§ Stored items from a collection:

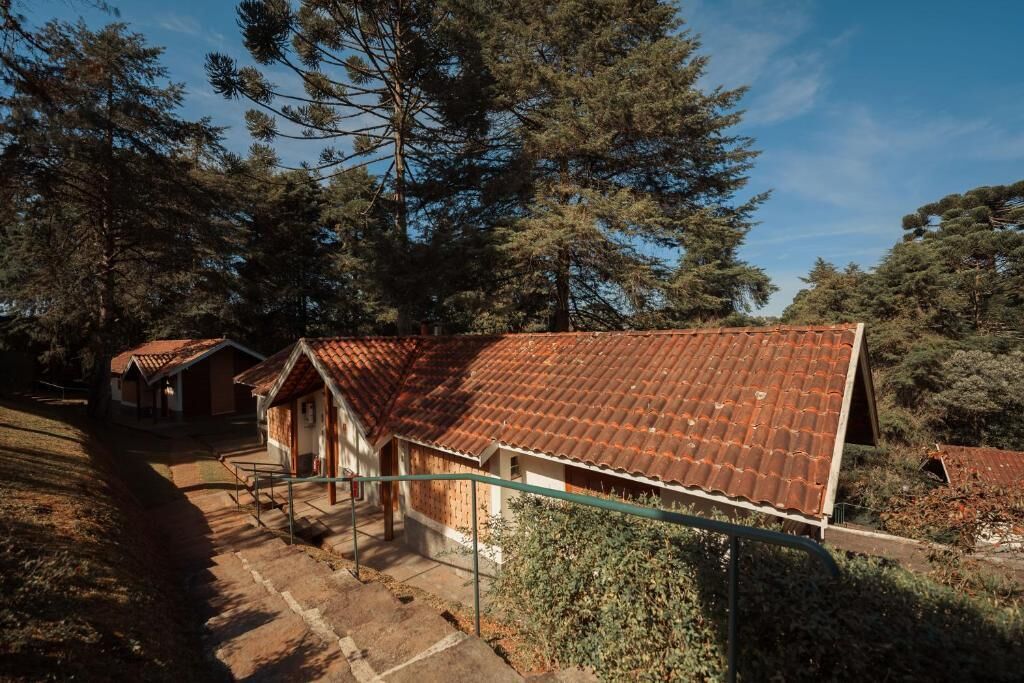 A row of rustic cabins with red-tiled roofs, surrounded by dense pine trees.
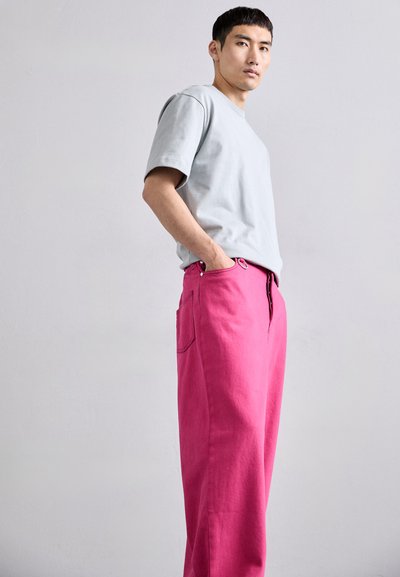 Ανοιχτό γκρι κοντομάνικο μπλουζάκι συνδυασμένο με φαρδιά φωτεινά ροζ παντελόνια που διαθέ�τουν τσέπη και λεπτομέρεια κουμπιού στη μέση.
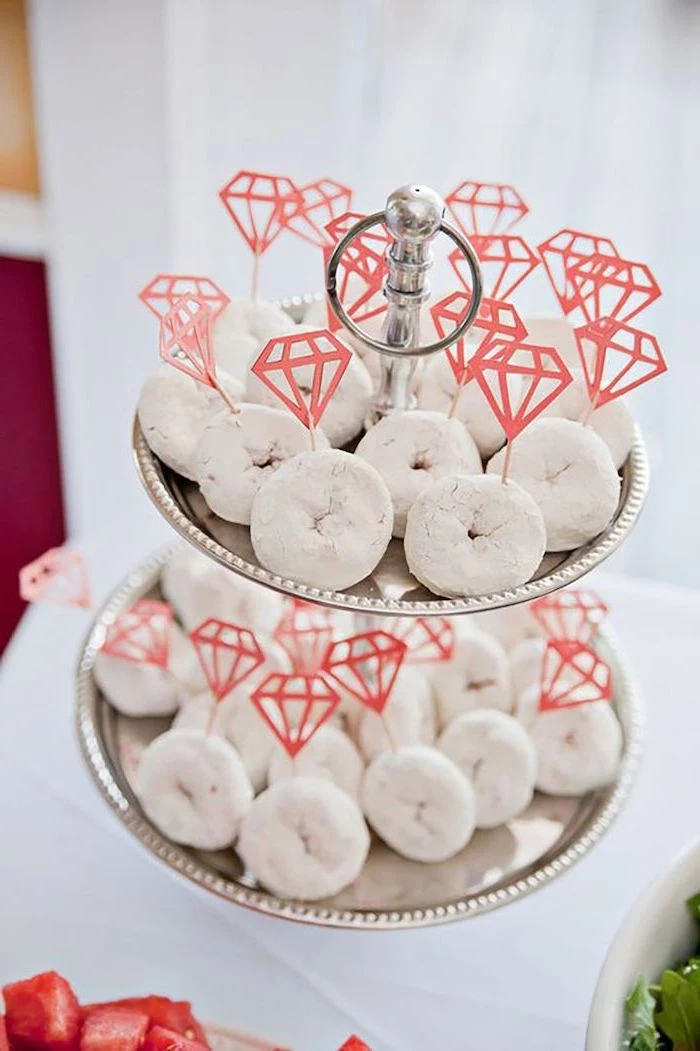 white donuts with diamonds, bachelorette shirt ideas, silver cake stand, white background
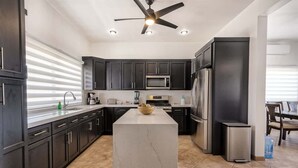 Una cocina moderna con armarios oscuros, una isla central, electrodomésticos de acero inoxidable y un ventilador de techo.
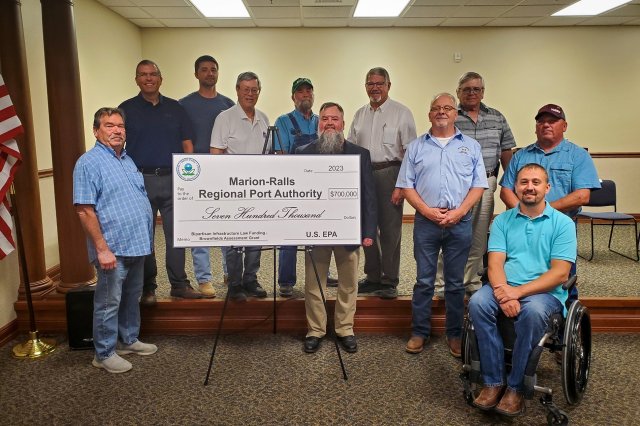 Group shot of ceremonial check recipients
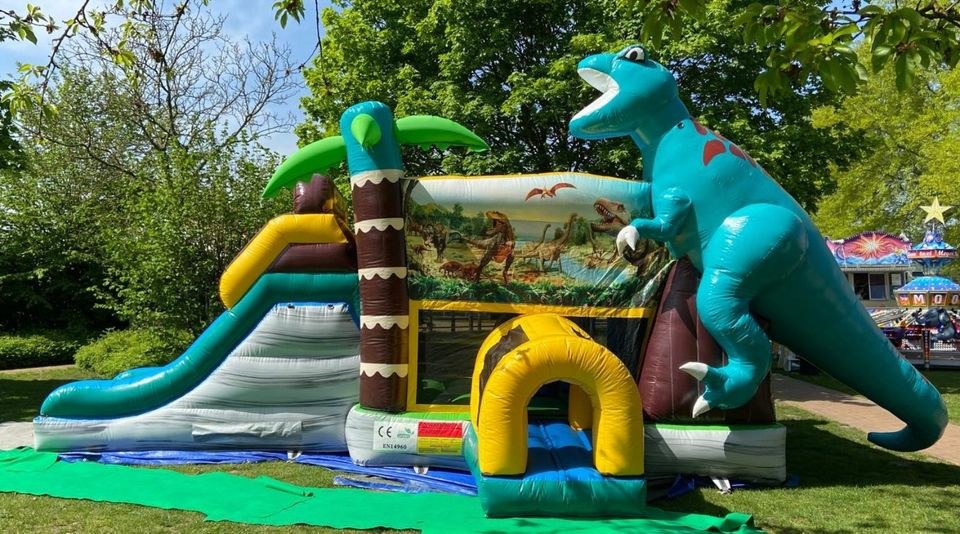 Riesige Dino Dinosaurier Hüpfburg Rutsche mieten bei Spielpunkt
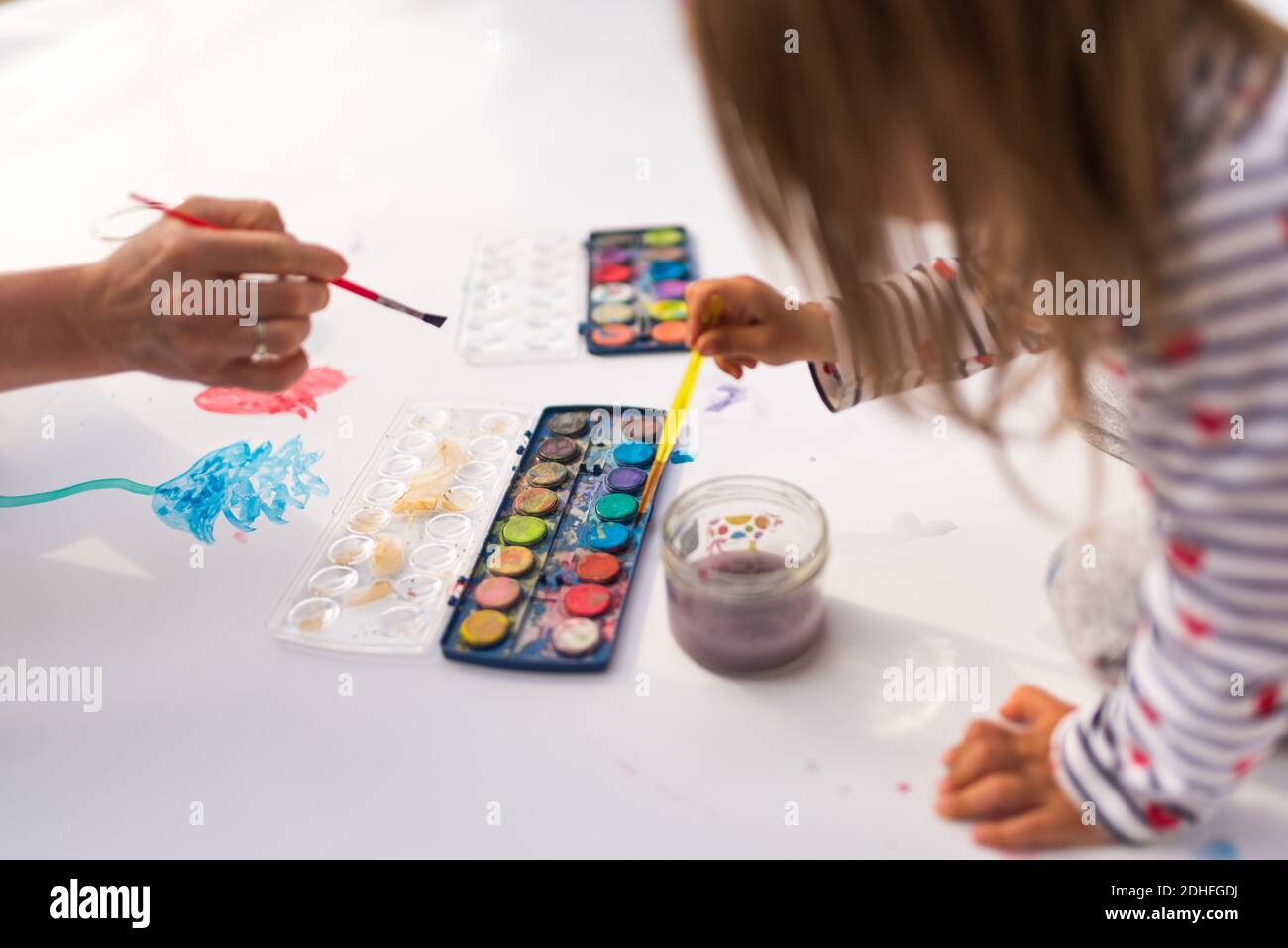 Child With Mother Painting With Poster Paint Outdoors On The Ground On Child with mother painting with poster paint outdoors on the ground on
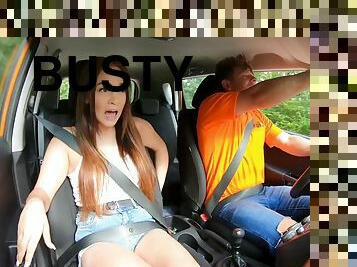 Busty student saddles a driving instructor in the backseat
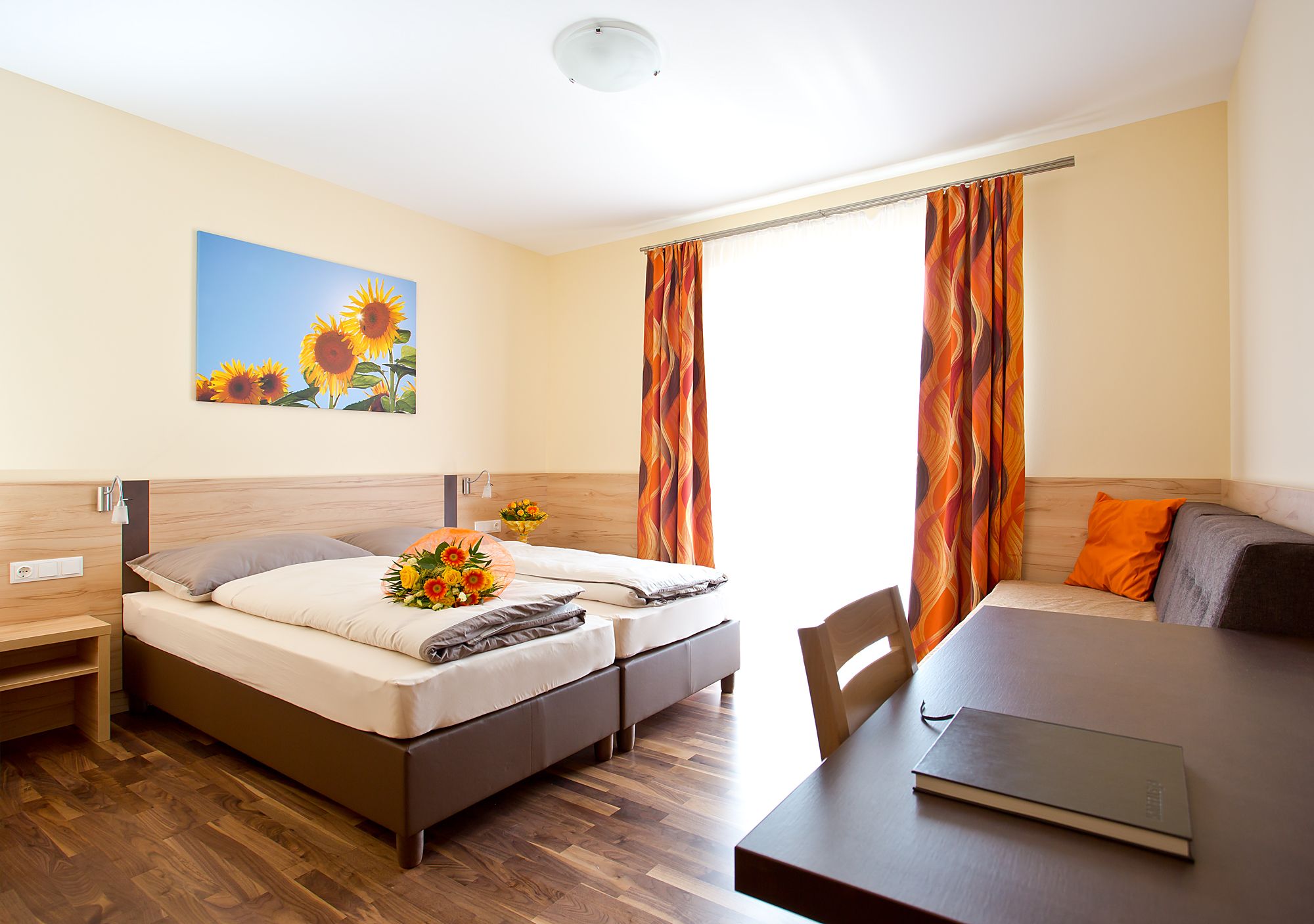 Ein helles Gästezimmer mit zwei Betten, einem Tisch, einem Sofa und einem Bild von Sonnenblumen an der Wand.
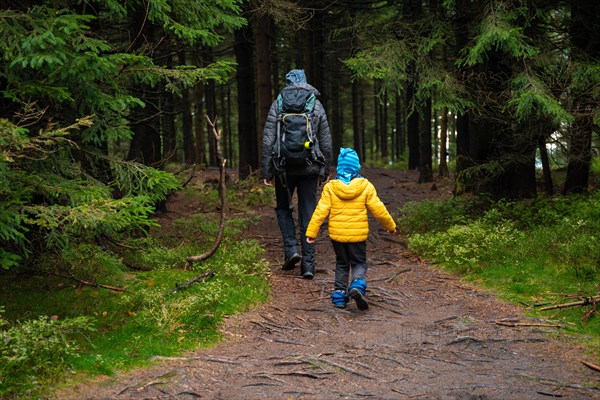 Mum and her little son go on a mountain trail in wet autumn weather. Polish mountains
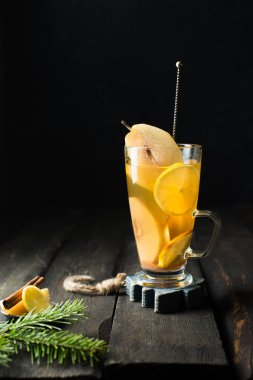 Sıcak baharatlı şenlikli içecek! İle baharatlı armut, zencefil, bal, tarçın ve limon koyu ahşap arka plan üzerinde vintage bir kaşıkla bir bardak beyaz şarap mulled. Kış xmas tatil kavramı.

§ Work task: Omit the pictures and copy the records above exactly.

§ Result of this exercise:
 A row of rustic cabins with red-tiled roofs, surrounded by dense pine trees.
 Ανοιχτό γκρι κοντομάνικο μπλουζάκι συνδυασμένο με φαρδιά φωτεινά ροζ παντελόνια που διαθέ�τουν τσέπη και λεπτομέρεια κουμπιού στη μέση.
 white donuts with diamonds, bachelorette shirt ideas, silver cake stand, white background
 Una cocina moderna con armarios oscuros, una isla central, electrodomésticos de acero inoxidable y un ventilador de techo.
 Group shot of ceremonial check recipients
 Riesige Dino Dinosaurier Hüpfburg Rutsche mieten bei Spielpunkt
 Child With Mother Painting With Poster Paint Outdoors On The Ground On Child with mother painting with poster paint outdoors on the ground on
 Busty student saddles a driving instructor in the backseat
 Ein helles Gästezimmer mit zwei Betten, einem Tisch, einem Sofa und einem Bild von Sonnenblumen an der Wand.
 Mum and her little son go on a mountain trail in wet autumn weather. Polish mountains
 Sıcak baharatlı şenlikli içecek! İle baharatlı armut, zencefil, bal, tarçın ve limon koyu ahşap arka plan üzerinde vintage bir kaşıkla bir bardak beyaz şarap mulled. Kış xmas tatil kavramı.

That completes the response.